Dangerous slurs

 Gay rights in prison
By LANCE TAPLEY  |  October 1, 2009

Read Lance Tapley's article on prisoners' rights abuse, "Less than equal"

A heavily tattooed, self-described Satanist serving a life sentence for savagely murdering two people in Augusta in 1998 — his 16-year-old stepdaughter and his 87-year-old former landlady — inmate John L’Heureux, 39, is probably not the man Maine’s gay-rights groups would choose to represent their cause in the state prison, if they were inclined to choose anyone there.

But L’Heureux makes a calm, rational case for improving treatment of imprisoned homosexuals. In a letter to the Phoenix he describes how officers called him “that fucking fag” to other prisoners and how “I was walking down the runway from the chow hall and someone would yell queer or fag from a group of officers.” In a prison interview on September 15, L’Heureux didn’t appear to be worried about revealing himself as, he said, a bisexual, but he explained the danger that such “unprofessional” identifications create in an institution housing a number of violent men.

L’Heureux also was upset because prison officials wouldn’t let him subscribe to a magazine about gay culture — not a pornographic publication, he said — because they felt it might encourage prison rape. But after the Phoenix requested an interview with him, he said, the prison relented and let him have the literature he wanted.

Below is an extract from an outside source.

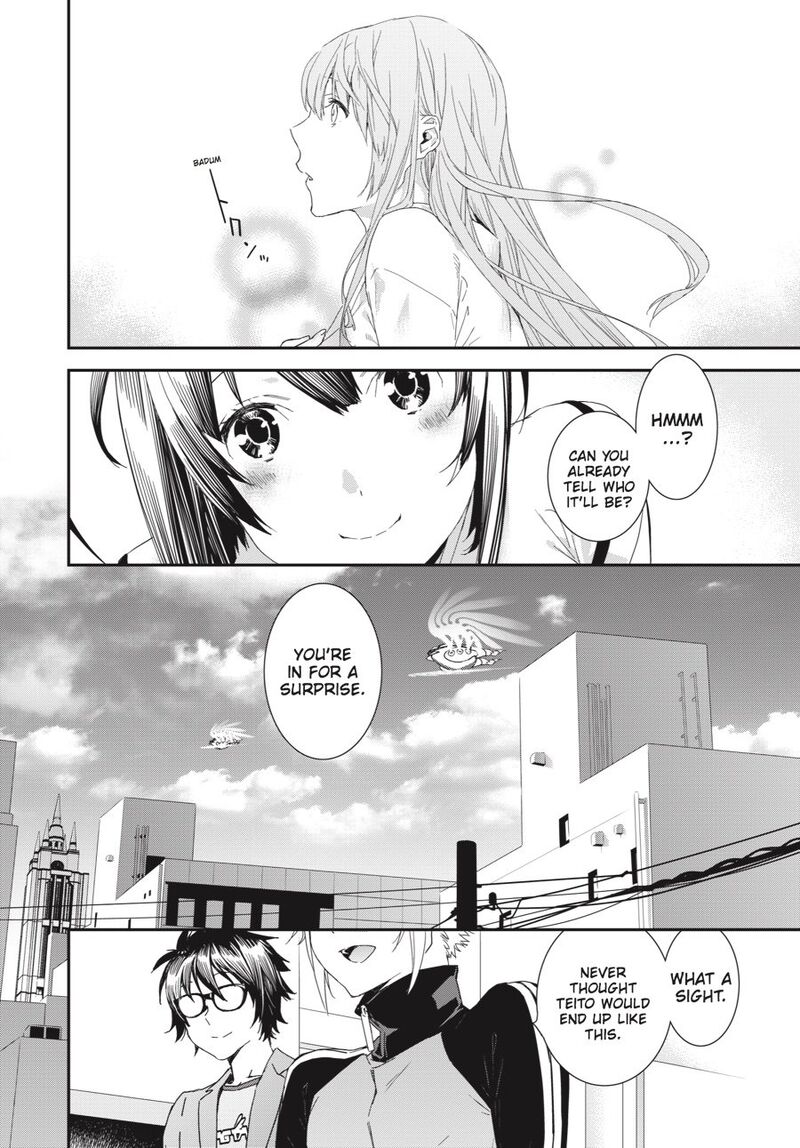 Sekirei Chapter 198 Page 10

Another problem at the prison is the wrong assumption correctional officers make about gay prisoners, he said: that any inmate who is “strong” and openly gay is a “predator.” He clearly thought of himself as in the strong category, but claimed to have been celibate since entering prison. He admitted, though, that predatory activity takes place: “Of course it happens. It’s a prison.” But he felt “the staff needs to be educated in how to handle people.”

L’Heureux estimated about five percent of inmates are openly gay, but “a lot” more are involved in homosexual relations. He didn’t suggest that gay sex be officially allowed, but, he said, “People shouldn’t be persecuted.”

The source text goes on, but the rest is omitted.